ABU DHABI: Yemen's Huthi rebels claimed attacks in Abu Dhabi triggered a fuel tank blast killing three people Monday, and warned civilians and foreign firms in the UAE to avoid "vital installations".
The United Arab Emirates is part of a Saudi-led military coalition that supports Yemen's government against the Iran-backed Huthis, and the coalition launched retaliatory raids against Yemen's rebel-held capital Sanaa late Monday, without any immediate reports of casualties.
The Huthis have repeatedly carried out cross-border drone attacks against Saudi Arabia, but this is the first deadly assault acknowledged by the UAE inside its borders and claimed by the Yemeni insurgents, who said they had fired ballistic missiles and deployed armed drones.
Abdul Ilah Hajar, adviser to the president of the Huthis' Supreme Political Council in Sanaa, said the military operation in Abu Dhabi was a warning shot.
"We sent them a clear warning message by hitting places that are not of great strategic importance," he told AFP.
"But it is a warning if the UAE continues its hostility to Yemen, it will not be able in the future to withstand the coming strikes."
The US vowed to hold the Huthis "accountable", while Britain, France and Gulf powers all likewise strongly condemned the attacks in the UAE.
Two Indians and a Pakistani working for oil giant ADNOC died as three petrol tanks exploded near a storage facility, while a fire also ignited in a construction area at Abu Dhabi airport in the heart of the UAE, a renowned safe haven in the volatile Middle East.
Police said "small flying objects, possibly belonging to drones" were found at both sites.
"We condemn the Huthi terrorist militia's targeting of civilian areas and facilities on UAE soil today... this sinful targeting will not go unpunished," UAE Foreign Minister Abdullah bin Zayed Al-Nahyan said in a statement, as his ministry described the attack as a "heinous criminal escalation".
Huthi military spokesman Yahya Saree said that the insurgents had "carried out... a successful military operation" against "important and sensitive Emirati sites" using both ballistic missiles and drones.
The Huthis warned civilians and foreign firms in the UAE to avoid "vital installations".
Late Monday, the official Saudi Press Agency reported that the coalition had launched retaliatory air strikes against Yemen's rebel-held capital Sanaa. The Huthis' Al-Masirah TV channel confirmed those raids.
The escalation follows a surge in fighting in Yemen, including advances by UAE-trained troops.
The rebels have previously threatened to target Abu Dhabi and Dubai, the gleaming crown jewels of the UAE, which last year opened its first nuclear power plant.

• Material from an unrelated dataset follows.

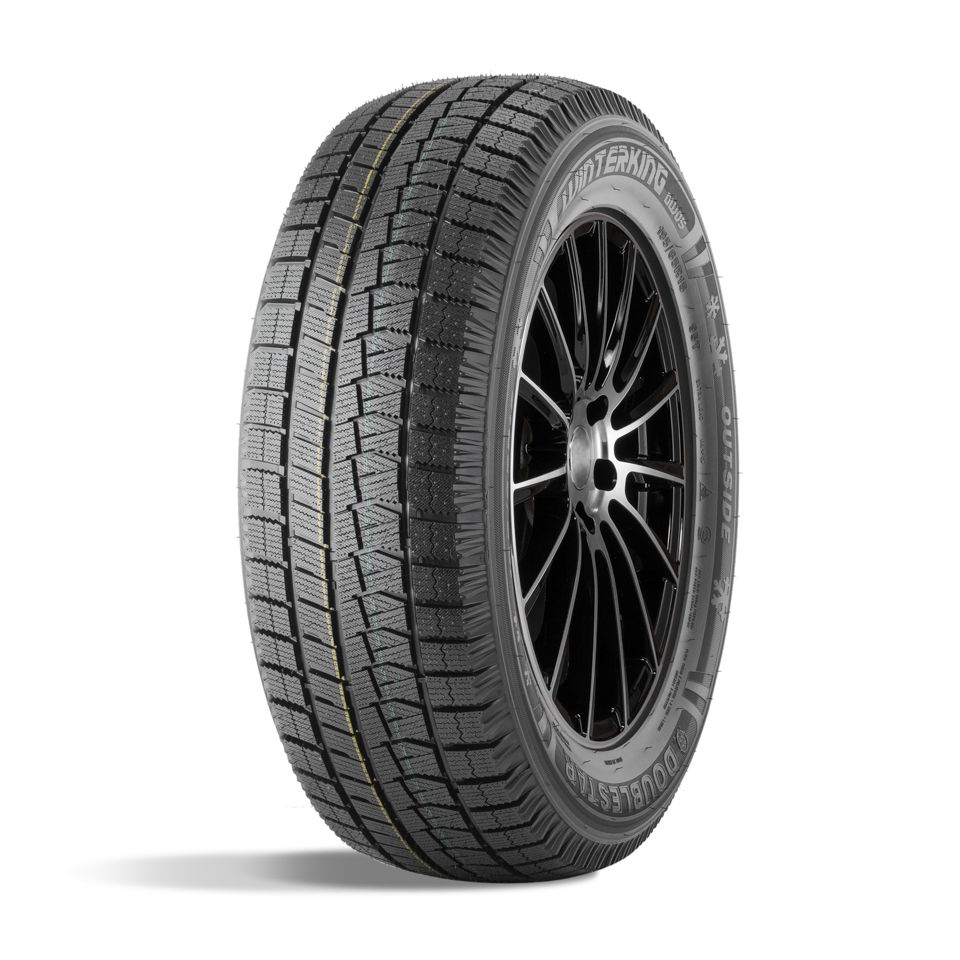 

Автомобильная шина DoubleStar DW05 195/70 R15 зимняя, DW05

US National Security Advisor Jake Sullivan pledged that Washington will "work with the UAE and international partners to hold" the Huthis accountable, while French Foreign Minister Jean-Yves Le Drian said the rebels' move threatened the security of both the UAE and the wider region.
British Foreign Secretary Liz Truss said she condemned "in the strongest terms" the Huthis' "terrorist attacks" -- terminology also used in condemnations by Saudi Arabia, Bahrain, Qatar and the Organisation of Islamic Cooperation.
"We call on the international community to strongly condemn such attacks and to act immediately so that Iran and its proxies will not have the tools to continue to undermine regional security and harm innocent people," Foreign Minister Yair Lapid said.
The incident comes two weeks after the rebels hijacked the UAE-flagged Rwabee, and released footage purporting to show military equipment on board.
The UAE said the Rwabee, whose 11 crew are now hostages, was a "civilian cargo vessel" and called the hijacking a "dangerous escalation" in the busy Red Sea shipping route.
The rebels later rejected a UN Security Council demand for the ship's immediate release, saying it was "not carrying... toys for children but weapons for extremists".
Yemen's conflict has been a catastrophe for millions of its citizens who have fled their homes, with many on the brink of famine, in what the UN calls the world's worst humanitarian crisis.
The UN has estimated the war killed 377,000 people by the end of 2021, both directly and indirectly through hunger and disease.
Yemen's civil war began in 2014 when the Huthis seized the capital Sanaa, prompting Saudi-led forces to intervene to prop up the government the following year.
The pro-government Giants Brigade troops, backed by the Saudis and UAE, recently delivered a significant blow to the rebels by recapturing three districts in Shabwa governorate.
The clashes were part of an upswing in violence in the shattered country, where the war is being fought on several fronts.